Work order: Repeat the span of the entries below that starts at the line with "银泰融通 313MW,一口气终止17个分布式项目,为啥?" and ends at the line with "挖掘機(jī)配件一手貨源，挖掘機(jī)配件專(zhuān)賣(mài)", nothing more. Skip the pictures.

Data shown:
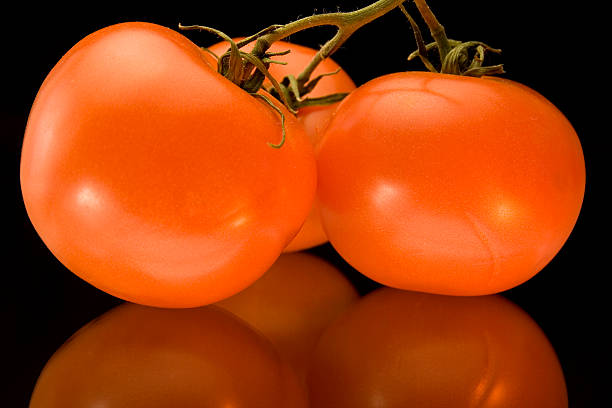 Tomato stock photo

* * *

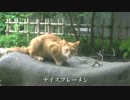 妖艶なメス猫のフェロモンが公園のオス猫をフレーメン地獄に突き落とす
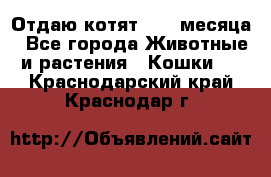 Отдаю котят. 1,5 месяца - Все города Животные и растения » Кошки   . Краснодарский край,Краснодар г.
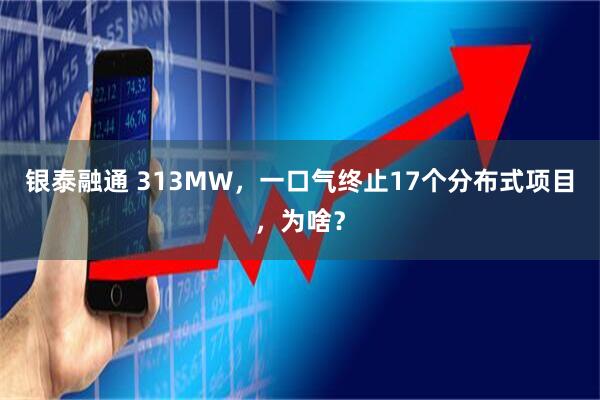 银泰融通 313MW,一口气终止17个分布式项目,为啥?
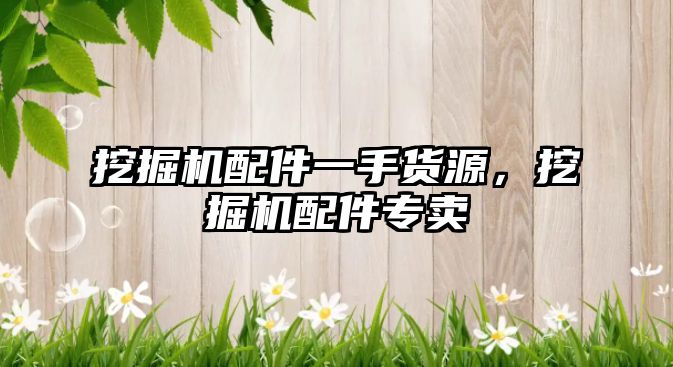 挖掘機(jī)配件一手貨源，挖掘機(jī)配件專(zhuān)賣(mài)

Your solution:
 银泰融通 313MW,一口气终止17个分布式项目,为啥?
 挖掘機(jī)配件一手貨源，挖掘機(jī)配件專(zhuān)賣(mài)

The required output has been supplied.